### [Required action]
Please give back only the lines below from the one containing "last chance to" to the one containing "Hellblaue Mey Damenschlafanzüge", each repeated word for word, both ends included.

### [Provided entries]

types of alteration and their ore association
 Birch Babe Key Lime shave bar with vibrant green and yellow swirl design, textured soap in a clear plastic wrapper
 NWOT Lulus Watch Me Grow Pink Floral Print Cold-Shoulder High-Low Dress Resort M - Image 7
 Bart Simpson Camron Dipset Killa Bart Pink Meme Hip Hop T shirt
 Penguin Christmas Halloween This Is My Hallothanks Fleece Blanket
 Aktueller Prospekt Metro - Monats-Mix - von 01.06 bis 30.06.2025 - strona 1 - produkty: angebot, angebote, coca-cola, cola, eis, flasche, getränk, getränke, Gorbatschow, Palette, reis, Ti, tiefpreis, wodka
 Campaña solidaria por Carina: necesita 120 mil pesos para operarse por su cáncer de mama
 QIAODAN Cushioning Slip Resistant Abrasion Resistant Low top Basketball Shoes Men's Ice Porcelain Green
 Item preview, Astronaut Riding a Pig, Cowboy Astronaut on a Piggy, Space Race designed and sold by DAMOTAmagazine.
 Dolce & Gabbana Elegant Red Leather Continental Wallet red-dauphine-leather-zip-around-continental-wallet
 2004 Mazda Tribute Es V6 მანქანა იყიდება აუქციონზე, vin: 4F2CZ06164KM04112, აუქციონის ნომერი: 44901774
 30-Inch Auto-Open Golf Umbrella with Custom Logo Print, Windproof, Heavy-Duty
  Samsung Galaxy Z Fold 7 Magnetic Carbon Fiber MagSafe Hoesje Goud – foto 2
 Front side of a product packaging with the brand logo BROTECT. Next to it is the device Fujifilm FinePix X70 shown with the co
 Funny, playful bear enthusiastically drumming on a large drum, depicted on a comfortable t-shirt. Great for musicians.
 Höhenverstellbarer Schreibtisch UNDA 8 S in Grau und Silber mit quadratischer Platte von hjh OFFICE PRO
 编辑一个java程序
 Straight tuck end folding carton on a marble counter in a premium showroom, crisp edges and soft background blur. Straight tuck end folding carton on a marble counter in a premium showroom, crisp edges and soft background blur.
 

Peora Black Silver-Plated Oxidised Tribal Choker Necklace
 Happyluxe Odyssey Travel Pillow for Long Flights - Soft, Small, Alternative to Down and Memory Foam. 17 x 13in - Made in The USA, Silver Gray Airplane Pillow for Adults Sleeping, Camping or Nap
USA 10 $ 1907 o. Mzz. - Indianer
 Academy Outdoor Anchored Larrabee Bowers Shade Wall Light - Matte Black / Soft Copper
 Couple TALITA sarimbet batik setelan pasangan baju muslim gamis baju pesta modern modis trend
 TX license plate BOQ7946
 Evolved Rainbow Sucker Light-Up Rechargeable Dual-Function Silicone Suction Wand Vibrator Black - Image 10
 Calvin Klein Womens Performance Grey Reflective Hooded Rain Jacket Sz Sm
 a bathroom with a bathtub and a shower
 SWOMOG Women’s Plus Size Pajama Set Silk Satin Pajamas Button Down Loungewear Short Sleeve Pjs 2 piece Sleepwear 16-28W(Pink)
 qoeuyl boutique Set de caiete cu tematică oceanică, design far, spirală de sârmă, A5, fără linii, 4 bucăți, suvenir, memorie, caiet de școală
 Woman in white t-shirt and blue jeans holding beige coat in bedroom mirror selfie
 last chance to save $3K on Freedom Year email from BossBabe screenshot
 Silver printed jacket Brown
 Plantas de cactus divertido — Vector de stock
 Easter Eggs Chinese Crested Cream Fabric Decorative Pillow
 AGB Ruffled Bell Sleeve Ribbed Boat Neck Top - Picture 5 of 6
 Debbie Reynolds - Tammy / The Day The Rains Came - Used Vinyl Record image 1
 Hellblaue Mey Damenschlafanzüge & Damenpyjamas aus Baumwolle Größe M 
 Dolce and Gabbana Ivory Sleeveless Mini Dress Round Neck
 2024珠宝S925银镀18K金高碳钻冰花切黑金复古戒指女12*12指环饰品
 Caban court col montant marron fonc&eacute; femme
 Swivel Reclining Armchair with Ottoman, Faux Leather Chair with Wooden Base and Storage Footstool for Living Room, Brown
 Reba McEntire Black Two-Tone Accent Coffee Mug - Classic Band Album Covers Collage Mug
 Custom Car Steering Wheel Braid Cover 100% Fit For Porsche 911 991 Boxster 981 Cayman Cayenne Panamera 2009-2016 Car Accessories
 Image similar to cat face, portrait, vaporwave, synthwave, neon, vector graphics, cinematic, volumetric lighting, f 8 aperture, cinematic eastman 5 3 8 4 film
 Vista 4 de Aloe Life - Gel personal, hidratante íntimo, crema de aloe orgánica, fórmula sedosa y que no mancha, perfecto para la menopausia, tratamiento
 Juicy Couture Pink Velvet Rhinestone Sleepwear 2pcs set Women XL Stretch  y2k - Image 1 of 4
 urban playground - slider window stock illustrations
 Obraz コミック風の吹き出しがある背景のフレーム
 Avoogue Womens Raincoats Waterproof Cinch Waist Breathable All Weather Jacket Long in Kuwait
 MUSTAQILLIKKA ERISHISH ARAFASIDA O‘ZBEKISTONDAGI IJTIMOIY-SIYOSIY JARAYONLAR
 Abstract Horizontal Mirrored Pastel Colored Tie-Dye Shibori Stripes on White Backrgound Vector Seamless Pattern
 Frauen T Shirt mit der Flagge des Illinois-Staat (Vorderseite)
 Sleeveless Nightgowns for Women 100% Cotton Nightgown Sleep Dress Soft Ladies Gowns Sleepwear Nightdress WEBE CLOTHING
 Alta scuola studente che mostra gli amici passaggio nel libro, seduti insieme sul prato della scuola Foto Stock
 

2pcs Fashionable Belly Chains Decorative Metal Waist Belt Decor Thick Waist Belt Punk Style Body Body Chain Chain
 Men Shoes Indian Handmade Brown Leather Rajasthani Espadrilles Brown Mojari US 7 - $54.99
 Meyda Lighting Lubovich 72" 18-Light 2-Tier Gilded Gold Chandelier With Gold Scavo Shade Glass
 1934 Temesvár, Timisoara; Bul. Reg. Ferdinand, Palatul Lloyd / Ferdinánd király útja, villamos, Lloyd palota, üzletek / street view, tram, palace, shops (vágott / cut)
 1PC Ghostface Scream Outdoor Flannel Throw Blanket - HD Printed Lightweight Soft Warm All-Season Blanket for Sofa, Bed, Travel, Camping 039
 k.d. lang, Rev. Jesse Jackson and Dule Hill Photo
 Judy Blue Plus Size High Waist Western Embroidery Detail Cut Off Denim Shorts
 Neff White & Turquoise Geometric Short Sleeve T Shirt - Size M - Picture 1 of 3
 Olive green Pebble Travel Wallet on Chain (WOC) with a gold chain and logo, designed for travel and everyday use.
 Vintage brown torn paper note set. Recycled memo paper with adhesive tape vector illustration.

### [Answer to the exercise]
 last chance to save $3K on Freedom Year email from BossBabe screenshot
 Silver printed jacket Brown
 Plantas de cactus divertido — Vector de stock
 Easter Eggs Chinese Crested Cream Fabric Decorative Pillow
 AGB Ruffled Bell Sleeve Ribbed Boat Neck Top - Picture 5 of 6
 Debbie Reynolds - Tammy / The Day The Rains Came - Used Vinyl Record image 1
 Hellblaue Mey Damenschlafanzüge & Damenpyjamas aus Baumwolle Größe M 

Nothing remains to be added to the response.